Input data:
##############################
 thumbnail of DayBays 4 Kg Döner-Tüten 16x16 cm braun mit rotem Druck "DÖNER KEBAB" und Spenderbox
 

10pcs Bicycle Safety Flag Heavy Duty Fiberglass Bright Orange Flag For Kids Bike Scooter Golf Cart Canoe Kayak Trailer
##############################
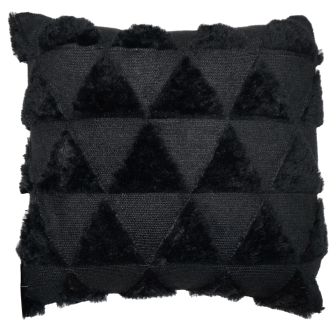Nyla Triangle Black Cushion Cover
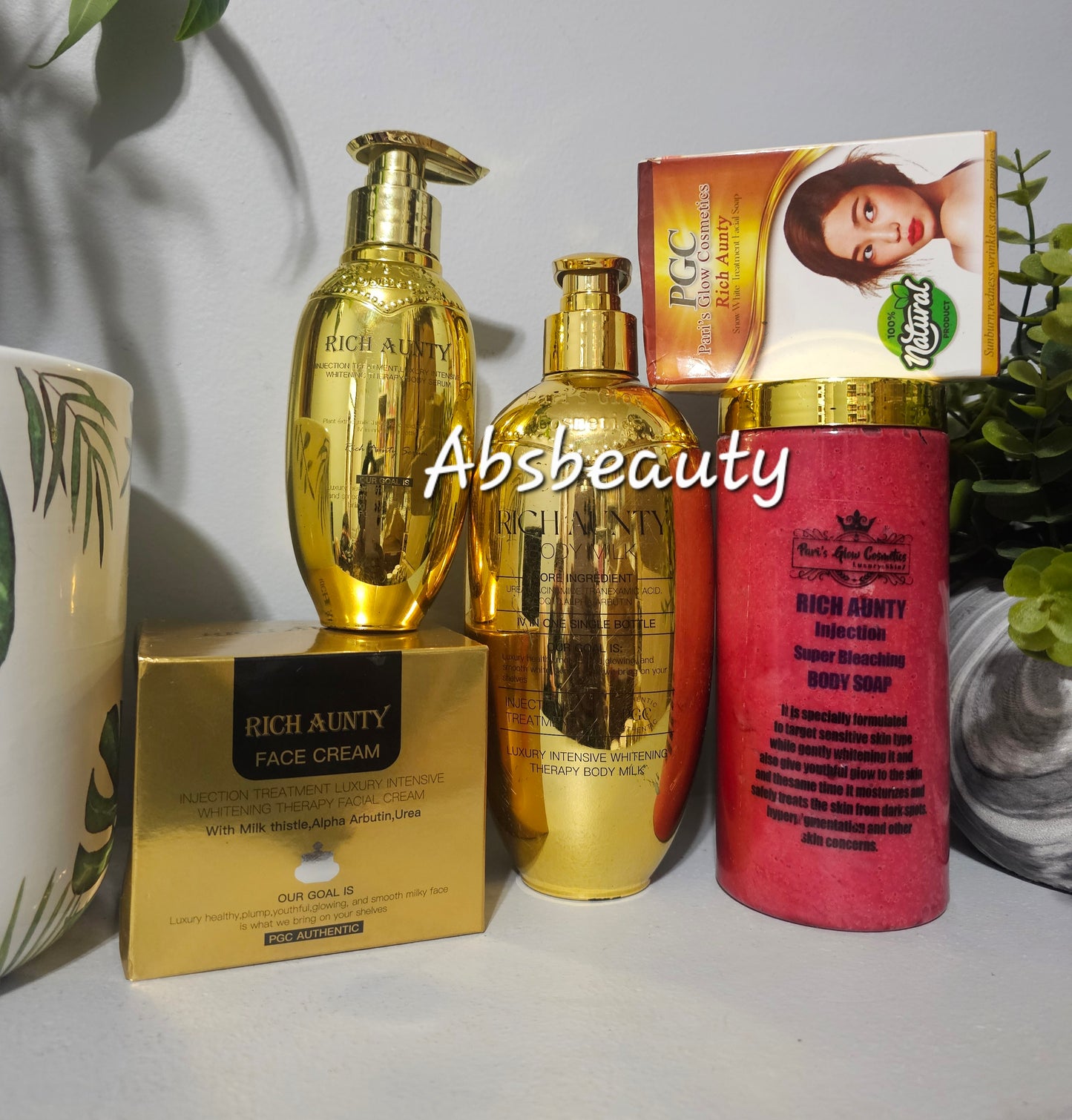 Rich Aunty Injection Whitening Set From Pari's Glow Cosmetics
##############################
Your objective: Restate word for word the entries above from the line with "thumbnail of DayBays" through the line with "10pcs Bicycle Safety", inclusive, leaving out everything else.

Response:
 thumbnail of DayBays 4 Kg Döner-Tüten 16x16 cm braun mit rotem Druck "DÖNER KEBAB" und Spenderbox
 

10pcs Bicycle Safety Flag Heavy Duty Fiberglass Bright Orange Flag For Kids Bike Scooter Golf Cart Canoe Kayak Trailer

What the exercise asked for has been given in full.